Ing. Dominik Soukup

Publications

Active Learning Framework For Long-term Network Traffic Classification

Authors
Pešek, J.; Soukup, D.; Čejka, T.
Year
2023
Published
IEEE Annual Computing and Communication Workshop and Conference (CCWC). New Jersey: IEEE, 2023. p. 893-899. ISBN 979-8-3503-3286-5.
Type
Invited/Awarded proceedings paper
Annotation
Recent network traffic classification methods benefit from machine learning (ML) technology. However, there are many challenges due to the use of ML, such as lack of high-quality annotated datasets, data drifts and other effects causing aging of datasets and ML models, high volumes of network traffic, etc. This paper presents the benefits of augmenting traditional workflows of ML training&deployment and adaption of the Active Learning (AL) concept on network traffic analysis. The paper proposes a novel Active Learning Framework (ALF) to address this topic. ALF provides prepared software components that can be used to deploy an AL loop and maintain an ALF instance that continuously evolves a dataset and ML model automatically. Moreover, ALF includes monitoring, datasets quality evaluation, and optimization capabilities that enhance the current state of the art in the AL domain. The resulting solution is deployable for IP flow-based analysis of high-speed (100 Gb/s) networks, where it was evaluated for more than eight months. Additional use cases were evaluated on publicly available datasets.

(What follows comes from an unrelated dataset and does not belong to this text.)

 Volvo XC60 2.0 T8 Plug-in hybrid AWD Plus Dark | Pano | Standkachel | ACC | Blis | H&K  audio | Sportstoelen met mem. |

Evaluation of the Limit of Detection in Network Dataset Quality Assessment with PerQoDA

Authors
Wasielewska, K.; Soukup, D.; Čejka, T.; Camacho, J.
Year
2023
Published
ECML PKDD 2022: Machine Learning and Principles and Practice of Knowledge Discovery in Databases. Cham: Springer, 2023. p. 170-185. ISSN 1865-0929. ISBN 978-3-031-23632-7.
Type
Proceedings paper
Annotation
Machine learning is recognised as a relevant approach to detect attacks and other anomalies in network traffic. However, there are still no suitable network datasets that would enable effective detection. On the other hand, the preparation of a network dataset is not easy due to privacy reasons but also due to the lack of tools for assessing their quality. In a previous paper, we proposed a new method for data quality assessment based on permutation testing. This paper presents a parallel study on the limits of detection of such an approach. We focus on the problem of network flow classification and use well-known machine learning techniques. The experiments were performed using publicly available network datasets.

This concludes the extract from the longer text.